I think of Cuba, where the state is the manager of human, economic and natural resources. It can turn on a dime providing quick, universal and efficient responses to disasters. I’ve seen high-level leaders in the center of hurricane areas, risking their lives and personally directing evacuation efforts.

Moreover, I’ve witnessed inter-institutional teams across the island, accurately assessing the damage and the crisis management responses, while other provinces cooperate to dedicate their forces and reserves to aid other affected areas.

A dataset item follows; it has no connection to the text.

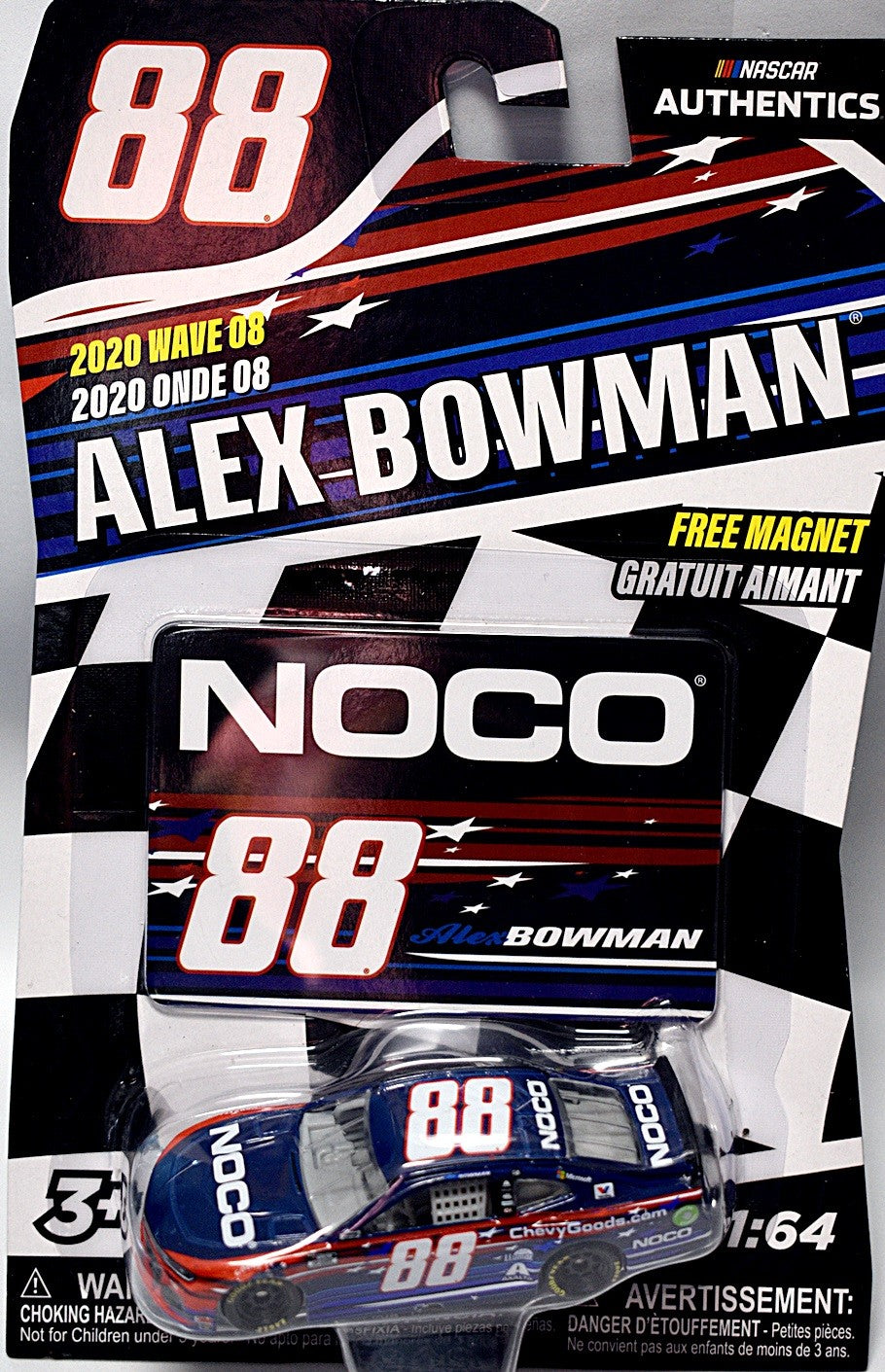 Lionel NASCAR Racing - Alex Bowman NOCO Chevrolet Camaro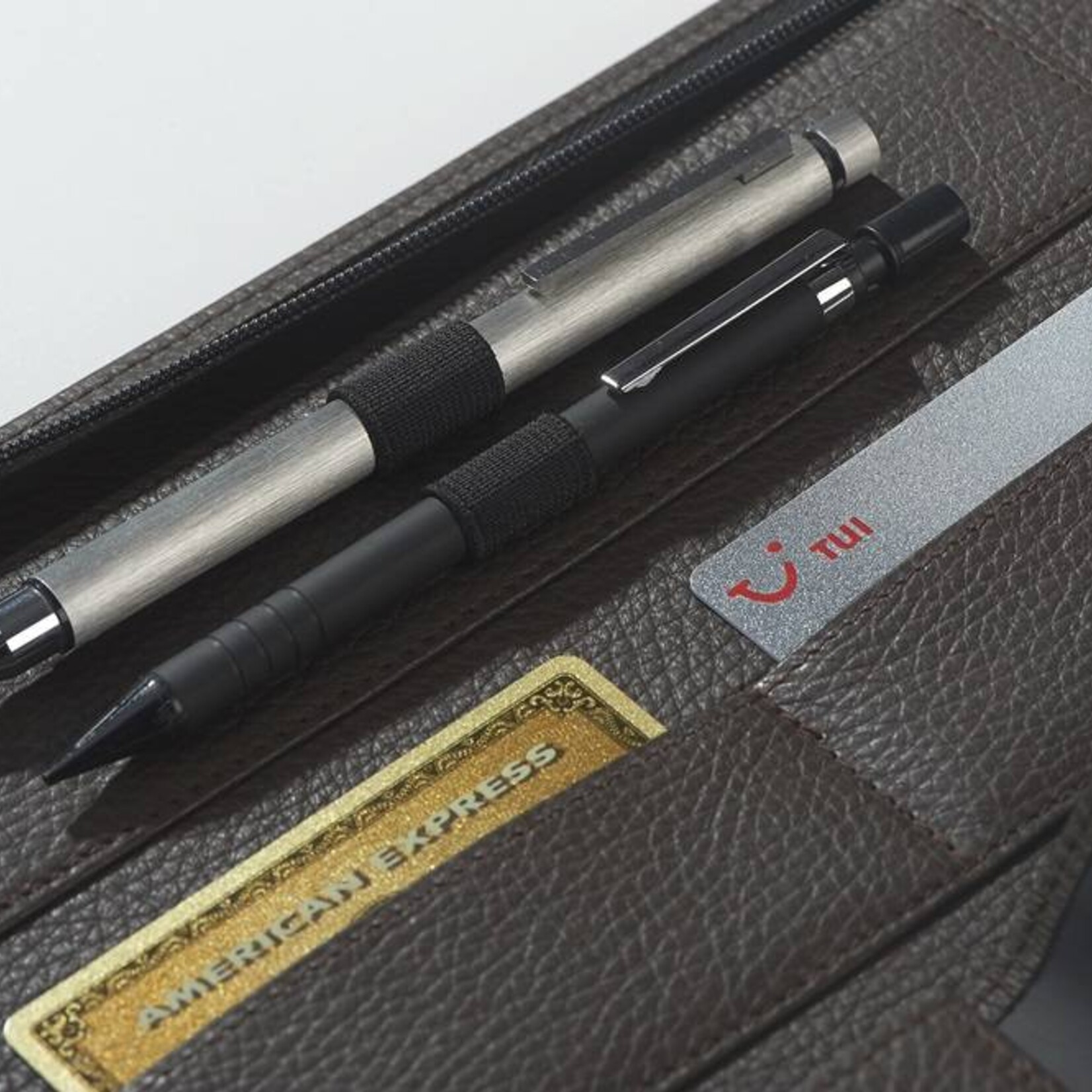 Ledermappe "Office Classic"  mit Tragegriff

The public, as a rule, carry out the protective measures that their culture of disaster preparedness has instilled for generations now.  In this way, the logic of the “country-encampment” is revealed in these circumstances of crisis, a feature that is denied in the daily life of a society characterized by top-down rule.

However, our exemplary performance becomes negated, once again, by the lack of grassroots participation in the follow-up. Many people climb down into trenches to clean drainage systems in their neighborhood, but only a select few can monitor the progress of the recovery from above.

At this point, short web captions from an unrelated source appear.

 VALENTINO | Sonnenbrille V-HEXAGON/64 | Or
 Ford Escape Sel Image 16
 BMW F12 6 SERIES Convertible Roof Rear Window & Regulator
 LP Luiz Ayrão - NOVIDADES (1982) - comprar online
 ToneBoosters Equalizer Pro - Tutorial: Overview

Supposedly acting on behalf of the Revolution, authorities have clamped down on journalistic and community complaints about unrealized plans in order to conceal administrative incompetence and the siphoning off of public resources.

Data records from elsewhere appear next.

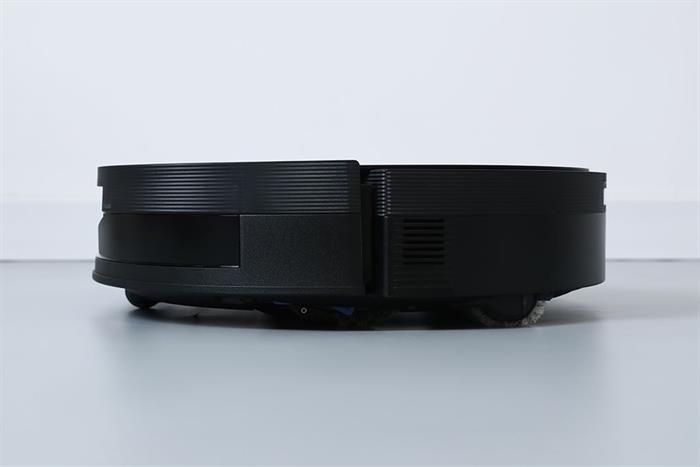 Robot hút bụi lau nhà Ecovacs X12 OMNICYCLONE Màu Đen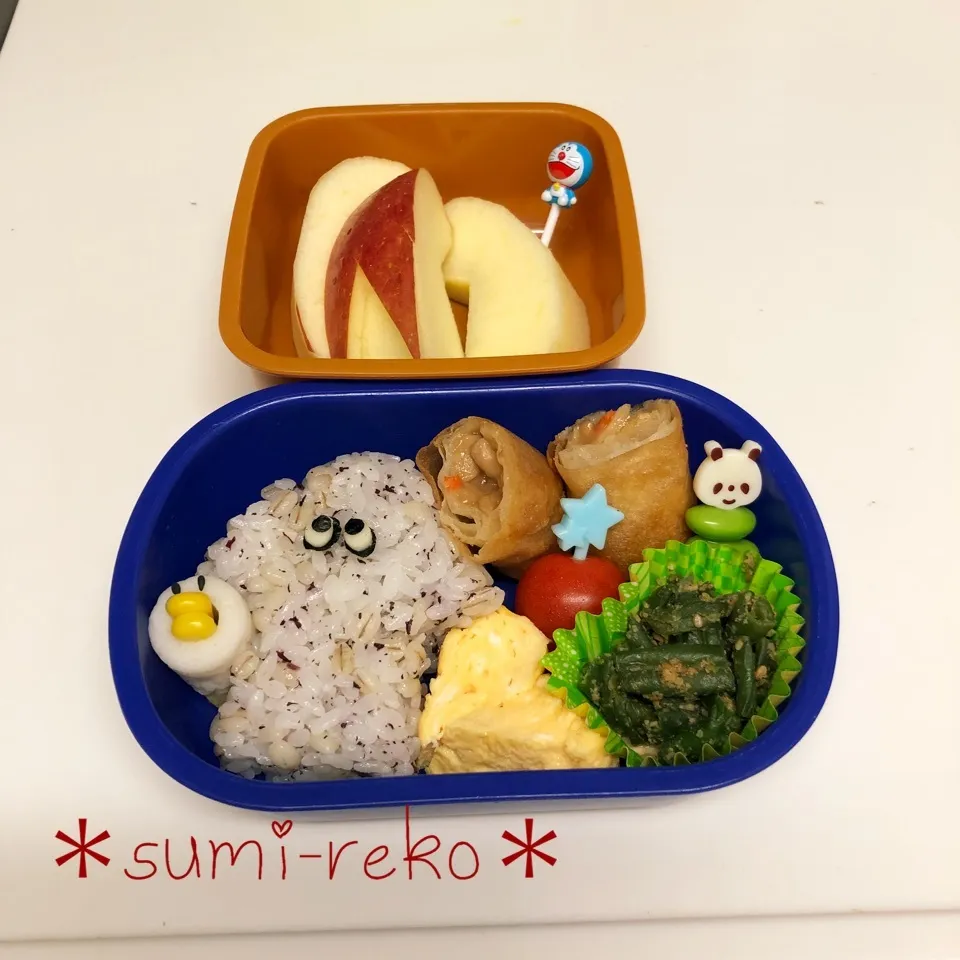 Snapdishの料理写真:芋掘り延期〜！目が小さっ∑(ﾟДﾟ)|sumire-koさん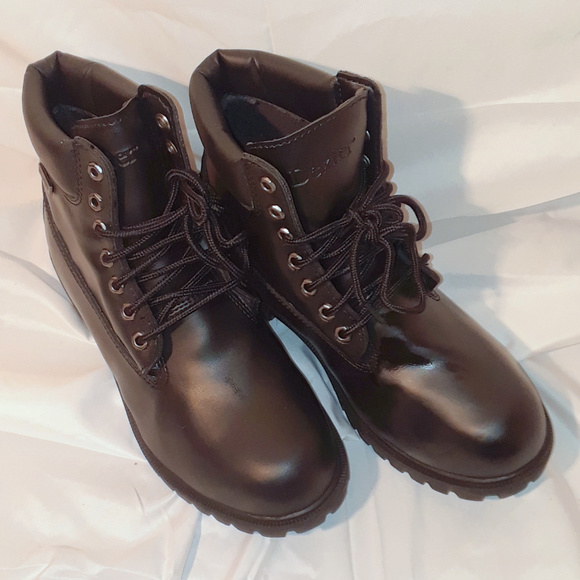 dexter steel toe boots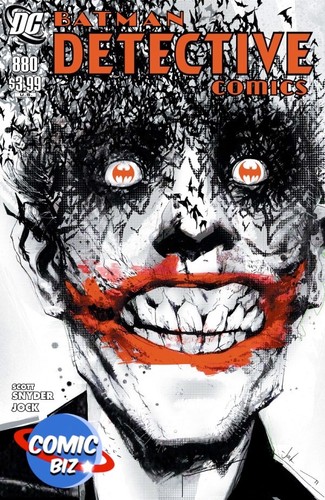Detective comics 880 - detective,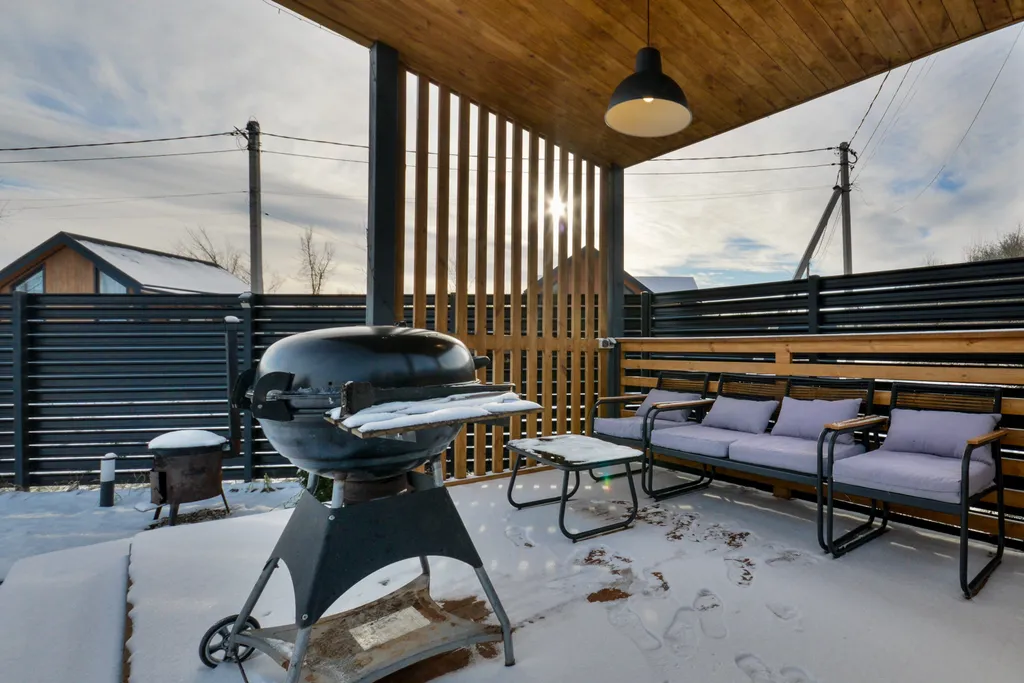 Коттедж Загородный дом Sober Villa (Barn House) — Северская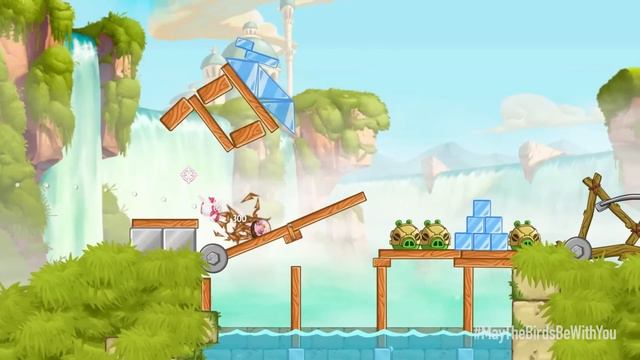 Angry Birds Star Wars 2 character reveals: Padme Amidala смотреть онлайн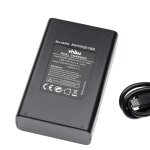 Vhbw chargeur usb double compatible avec panasonic dmw - blg10, dmw - blg10e caméra action - cam - station, ... Vhbw chargeur usb double compatible avec panasonic dmw - blg10, dmw - blg10e caméra action - cam - station, ...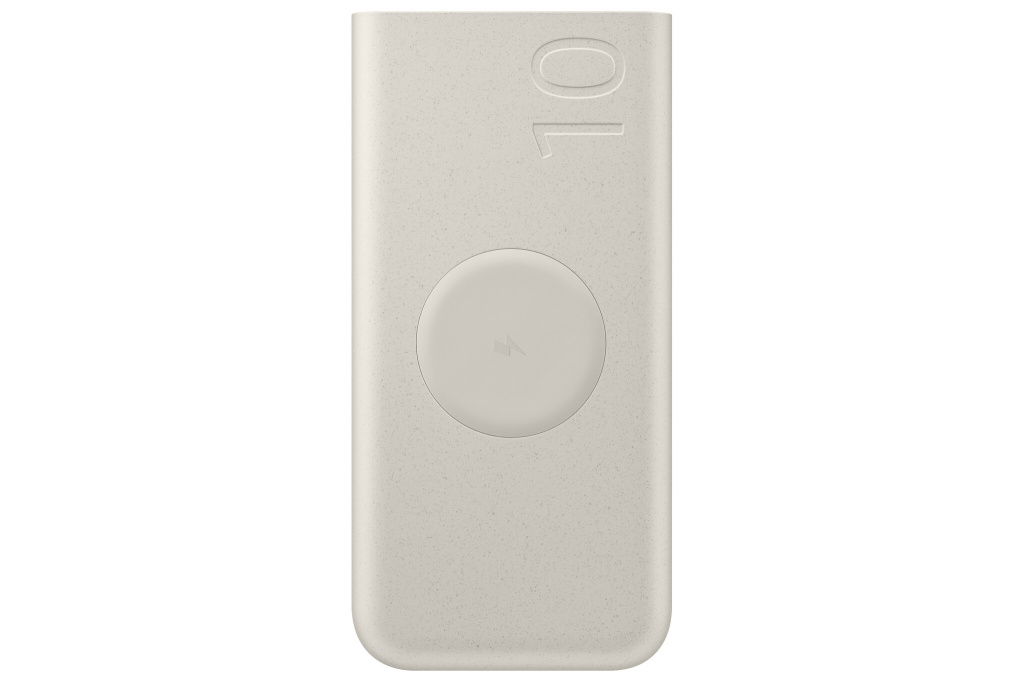 Samsung EB-U2510XUEGEU powerbank 10000 mAh Draadloos opladen Beige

I know of a simple little house in eastern Cuban whose reconstruction was finally completed-after years of bureaucratic obstacles-only when the accounting was reconciled in the capital city and the corrupt individuals responsible were eventually punished. As for the resources shelled out by the country, after having been born by its people’s sweat-these funds never surfaced.

Returning to Mexico, the lack of foresight and fear by some of that country’s officials, who tried to keep a growing public health threat in the shadows, was countered by a critical press that stepped up to the plate to circulate the news.

Was this premeditated information leaking or a democratizing action by the fourth branch of government? Perhaps it was a bit of both. Nevertheless, it highlights the value of free flowing information from multiple sources, (although under siege) by the government and the market, as opposed to that of a monopolized structure.

Cubans know the both the value and dangers of these matters. Suffice is to recall the contrasting realities of a Cuba in which the same press that did such an excellent job informing the public in the advent of the recent hurricanes, had previously honored an official gag order on outbreaks of dengue fever.

On the international stage, it was political non-transparency, together with the gravity of the situation that induced several countries to immediately adopt extreme measures that should have been phased in gradually. In that context, the managerial and political elites cried about their “wounded Mexican identity,” transforming the just call for aid and relief for affected citizens into a nationalist crusade.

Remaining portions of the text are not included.